I don't understand why this is not the evident approach for everyone writing GitHub Actions/GitLab CI/CD yaml etc....
I've struggled in some teams to explained why it's better to extract your command in scripts (ShellCheck on it, scripts are simple to run locally etc...) instead of writing a Frankenstein of YAML and shell commands. I hope someday to find an authoritative guidelines on writing pipeline that promote this approach so at least I can point to this link instead of defending myself being a dinosaur!
In a previous job we had a team tasked with designing these "modern" CI/CD pipeline solutions, mostly meant for Kubernetes, but it was suppose to work for everything. They had such a hard on for tools that would run each step as a separate isolated task and did not want pipelines to "devolve" into shell scripts.
Getting anything done in such environments are just a pain. You spend more time fighting the systems than you do actually solving problems. It is my opinion that a CI/CD system needs just the following features: Triggers (source code repo, http endpoints or manually triggered), secret management and shell script execution. That's it, you can build anything using that.
I think what they really wanted was something like bazel. The only real benefit I can think right now for not "devolving" into shell scripts is distributed caching with hermetic builds. It has very real benefits but it also requires real effort to work correctly.
I just joined as the enterprise architect for company that has never had one. There is an existing devops team that is making everyone pull their hair out and I haven't had a single spare minute to dig in on their mess but this sounds early familiar.
The job of senior people should mostly be to make sure the organisation runs smoothly.
If no one else is doing anything about the mess, then it falls to the senior person to sort it out.
As a rule of thumb:
- Ideally your people do the Right Thing by themselves by the magic of 'leadership'.
- Second best: you chase the people to do the Right Thing.
- Third: you as the senior person do the Right Thing.

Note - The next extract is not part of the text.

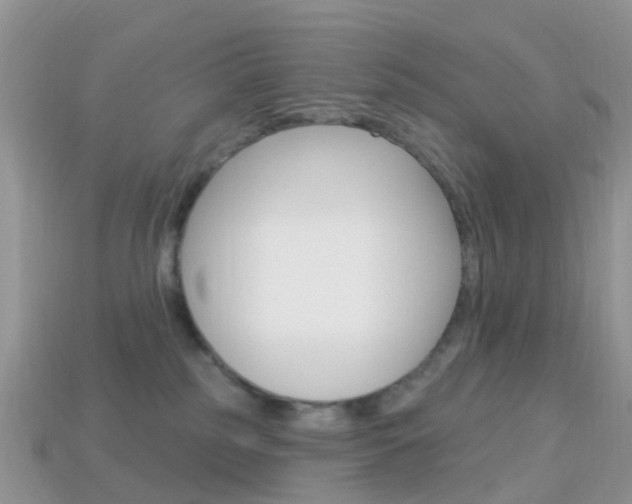 X0000114240185200910091356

- Least ideal: no one fixes the mess nor implements the proper way.
I guess some people can achieve the ideal outcome with pure charisma (or fear?) alone, but I find that occasionally getting your hands dirty (option 3) helps earn the respect to make the 'leadership' work. It can also help ground you in the reality of the day to day work.
However, you are right that a senior person shouldn't get bogged down with such work. You need to cut your losses at some point.
Where I work, which granted is a very large company, the enterprise architects focus on ERP processes, logistic flows, how prices flow from the system where they are managed to the places that need them, and so on. They are several levels removed from devops teams. DevOps concerns are maybe handled by tech leads, system architects or technical product managers.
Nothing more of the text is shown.